Selon toute probabilité, le jeu des Échecs fut donc inventé aux Indes «schatrandsch». Une de ses formes premières consistait, dans un jeu à quatre, à réduire à l’impuissance les deux Rois ennemis. Le nom du brahmane Sissa comme inventeur de ce jeu — qui devait être, avec ses pièces variées, non seulement un simulacre de la guerre, mais aussi le symbole des devoirs royaux — semble résulter de recherches sérieuses.
Le grand poète persan Firdousi consacre plusieurs passages de ses poèmes à la description d’une partie d’Échecs. Les Arabes ayant conquis la Perse (en 1651) y apprirent à jouer aux Échecs et apportèrent le jeu en Occident. Un jeu d’Échecs en ivoire et ébène avait été offert à Charlemagne par le calife Harun al-Rachid.
Henri IV aimait pousser le bois, il avait une prédilection marquée pour les Échecs. Tamerlan, le célèbre conquérant mongol manchot et boiteux et les rois guerriers de Suède; Gustave-Adolphe et Charles XII. Napoléon avaient fait des Échecs leur délassement favori.
Le premier tournoi d’Échecs international eut lieu à la cour du roi Philippe II, à Madrid en 1575, entre quatre protagonistes de l’époque et finit par la victoire de l’Italien Leonardo. L’ère moderne des compétitions internationales s’ouvre par le grand tournoi de Londres, en 1851, où le premier prix revint au pédagogue allemand Adolphe Anderssen.

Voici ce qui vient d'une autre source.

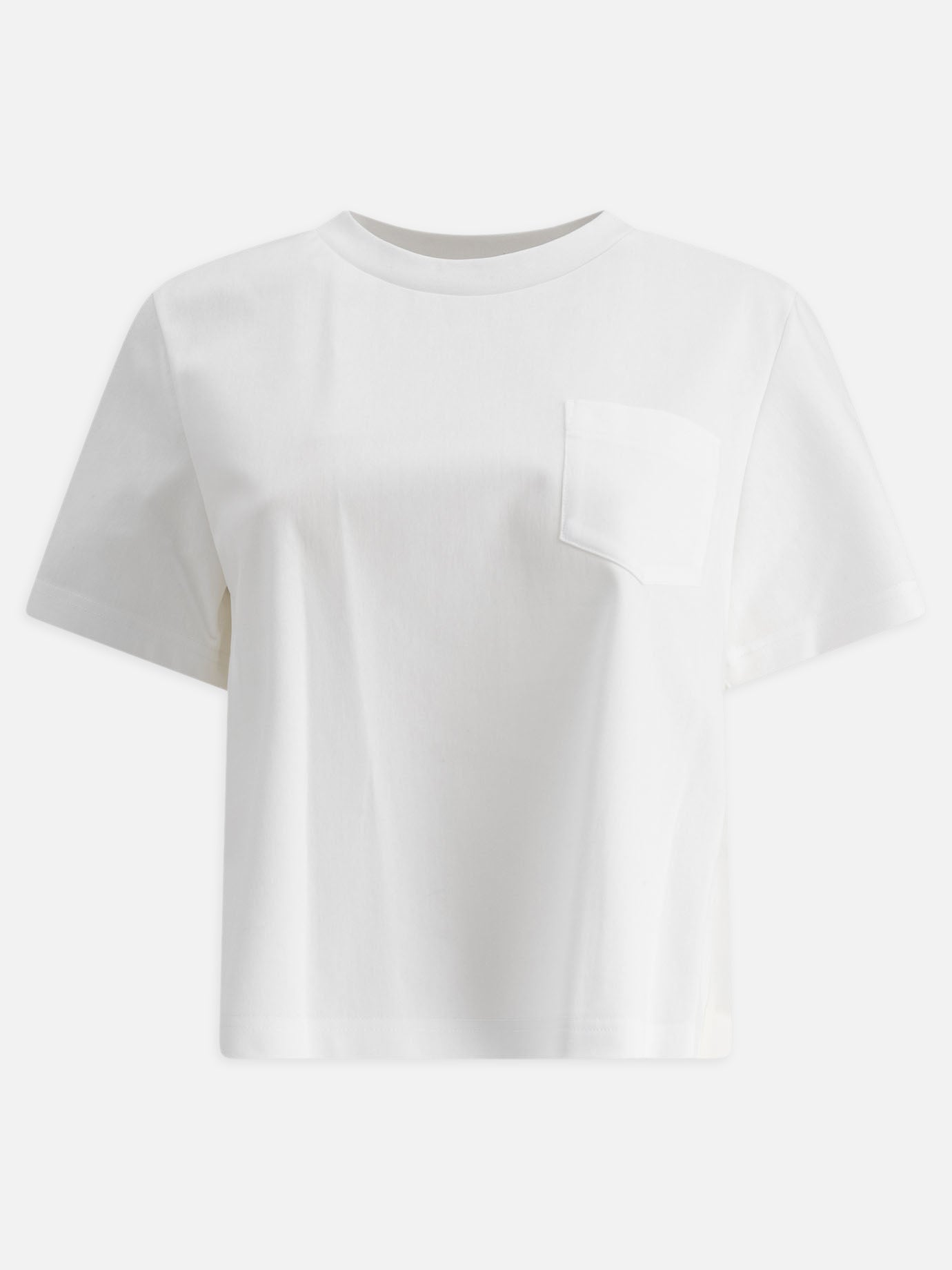 Sacai Cotton jersey and nylon twill T-shirt 19649063_2 White thumbnail_1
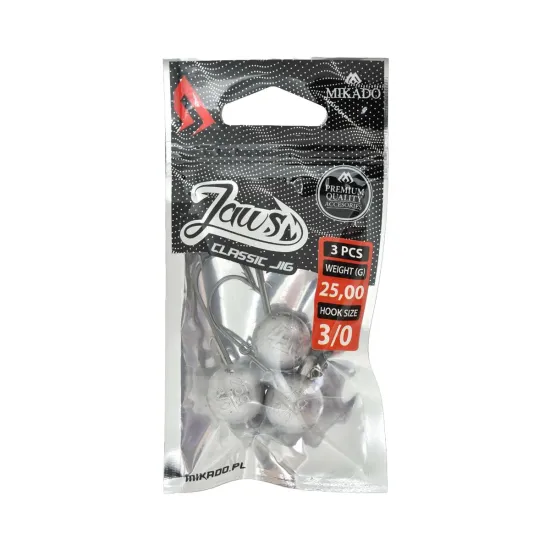Główka jigowa spinningowa Mikado Jaws Classic rozmiar 3/0 25g 3 sztuki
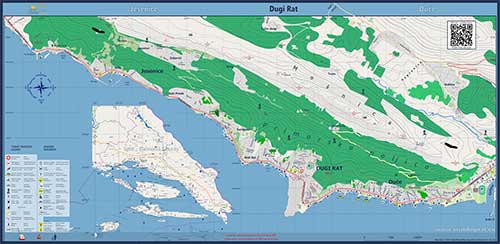 Dugi Rat Riviera ( Dugi Rat, Duće, Jesenice ) - Printed Map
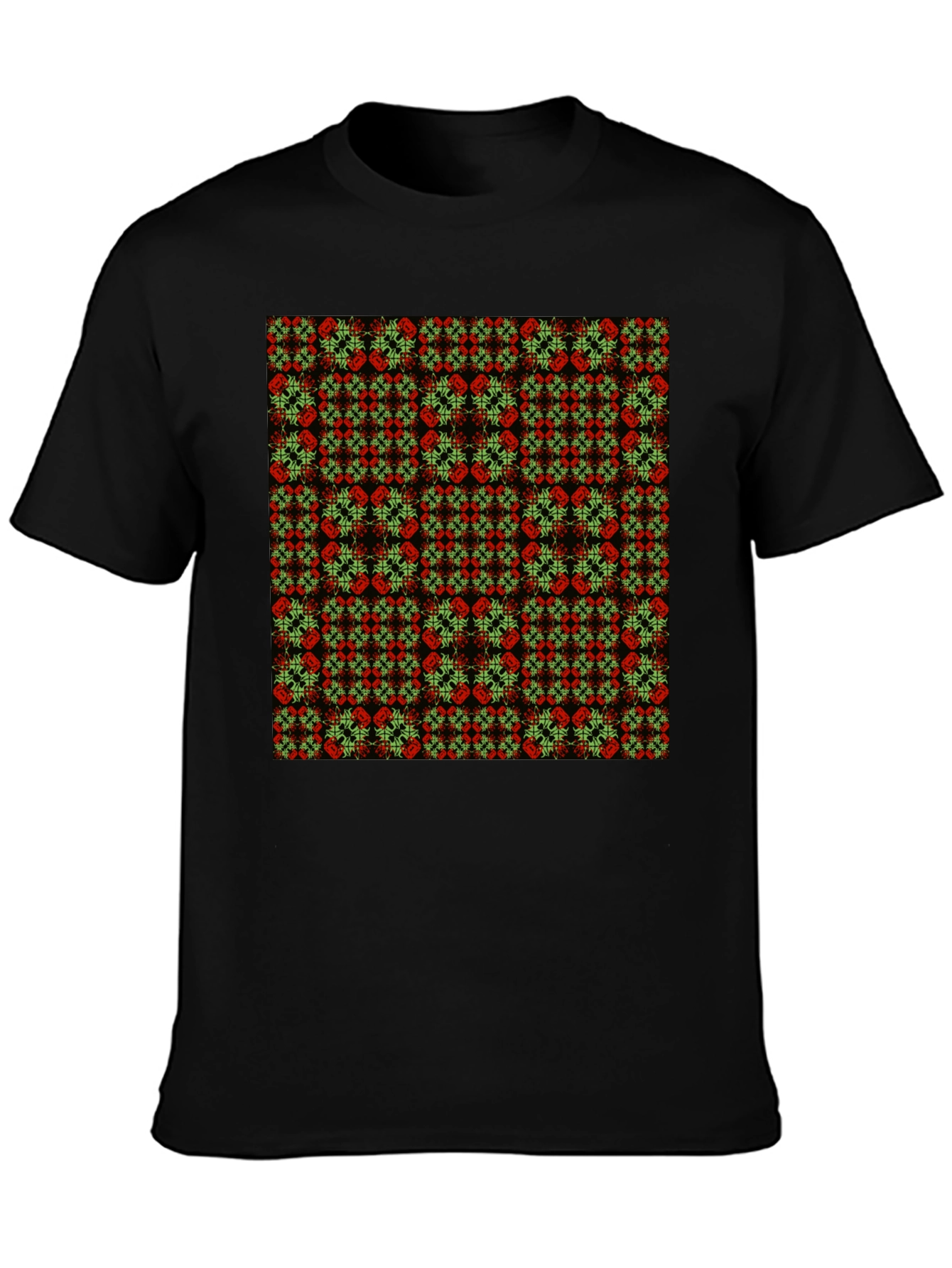 Geometric Print Black T-Shirt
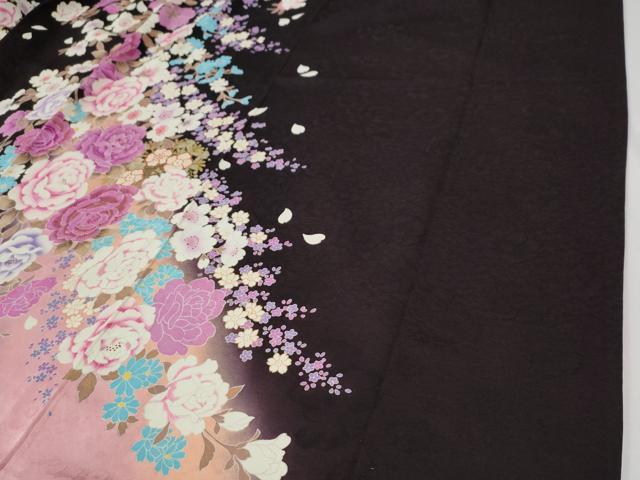 平和屋着物●豪華振袖　牡丹花文　ラインストーン　ラメ糸　暈し染め　金銀彩　正絹　逸品　CABE3196yc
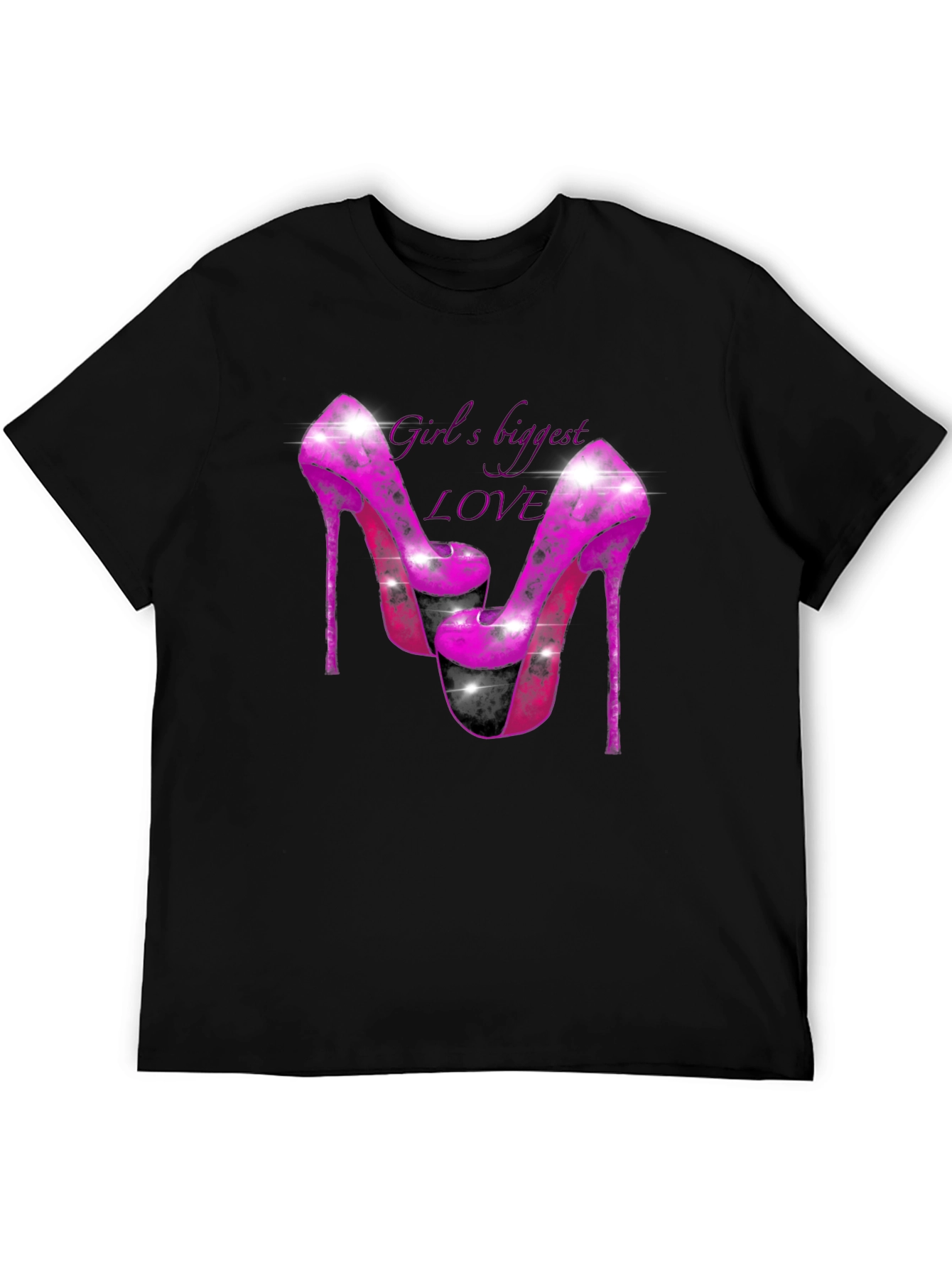 Black Girl's Biggest Love Heels Graphic T-Shirt view 5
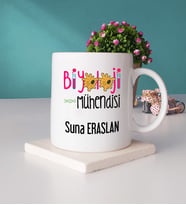 Biyoloji Mühendisi Kupa Bardak ve Taş Bardak Altlığı Seti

Le joueur le plus prodigieux de tous les temps fut Paul Morphy, avocat américain dont la mère était française. La supériorité sur tous ses contemporains était incontestable. Jouer à la Morphy, c’est le plus grand éloge qu’on puisse faire pour un jeu brillant et profond à la fois.
L’histoire du jeu des Échecs fut surtout élucidée par A. Linde et par H.J.R. Murray. La série des auteurs qui ont écrit en Europe sur le jeu d’Échecs, s’ouvre vers l’an 1200 par Jacobus de Cessoles. La Bibliothèque Nationale et celle de l’Arsenal possèdent plusieurs manuscrits de sa main, tant en latin qu’en français. Notons que l’aimable image de la nymphe Caissa, déesse protectrice du jeu des Échecs, ne date que du XVIe siècle (poème latin de Vida: Scacchia ludus).
Les premiers écrivains qui se sont occupés de la théorie des Échecs (fins et débuts) paraissent être deux Espagnols, Vincent et surtout Lucena, qui vivaient à la fin du XVe siècle. Les ouvrages curieux du Portugais Damiano, du prêtre espagnol Ruy Lopez de Segura, du jurisconsulte italien Alessandro Salvio, de l’érudit allemand Gustavus Selenus (pseudonyme d’Auguste, duc de Brunswick), enfin et surtout du génie calabrais Gioachino Greco suivirent.
Un ouvrage classique fut l’Analyse du jeu des Échecs (pdf gratuit), par M. André Danican Philidor. Paru en 1749 et réédité en 1777, ce livre consacra la gloire échiquéenne de son auteur, tandis que ses vingt-cinq opéras et opéras-comiques sont plutôt oubliés.
Avec son maître, Kermur de Legal, et ses successeurs : Deschapelles et La Bourdonnais, Philidor illustre une époque glorieuse pour les Échecs français. Si le sceptre a passé plus tard aux peuples anglo-saxons, germaniques et slaves, un revirement qui porterait de nouveau un intérêt mérité à ce jeu d’élite, ferait surgir des valeurs nouvelles dans notre art séculaire. Clarté et profondeur, voilà la devise — malgré toutes les amplifications théoriques ou techniques — d’un combat d’Échecs.